OrbitNVS: Harnessing Video Diffusion Priors for Novel View Synthesis

arXiv cs.CV / 3/23/2026

📰 NewsModels & Research

Key Points

  • OrbitNVS reframes novel view synthesis as an orbit video generation task, leveraging pre-trained video diffusion priors to generate unseen viewpoints with higher quality.
  • The approach adds camera adapters to the video model to enable accurate camera control across viewpoints during synthesis.
  • A normal map generation branch and attention-guided use of normal map features improve geometry consistency between views.
  • Pixel-space supervision is employed to reduce blur from latent-space spatial compression, achieving stronger PSNR gains on GSO and OmniObject3D benchmarks, especially in single-view scenarios.

Abstract

Novel View Synthesis (NVS) aims to generate unseen views of a 3D object given a limited number of known views. Existing methods often struggle to synthesize plausible views for unobserved regions, particularly under single-view input, and still face challenges in maintaining geometry- and appearance-consistency.
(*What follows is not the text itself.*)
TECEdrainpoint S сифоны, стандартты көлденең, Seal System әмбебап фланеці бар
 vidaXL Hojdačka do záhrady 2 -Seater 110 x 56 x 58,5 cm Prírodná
To address these issues, we propose OrbitNVS, which reformulates NVS as an orbit video generation task. Through tailored model design and training strategies, we adapt a pre-trained video generation model to the NVS task, leveraging its rich visual priors to achieve high-quality view synthesis. Specifically, we incorporate camera adapters into the video model to enable accurate camera control. To enhance two key properties of 3D objects, geometry and appearance, we design a normal map generation branch and use normal map features to guide the synthesis of the target views via attention mechanism, thereby improving geometric consistency. Moreover, we apply a pixel-space supervision to alleviate blurry appearance caused by spatial compression in the latent space. Extensive experiments show that OrbitNVS significantly outperforms previous methods on the GSO and OmniObject3D benchmarks, especially in the challenging single-view setting (\eg, +2.9 dB and +2.4 dB PSNR).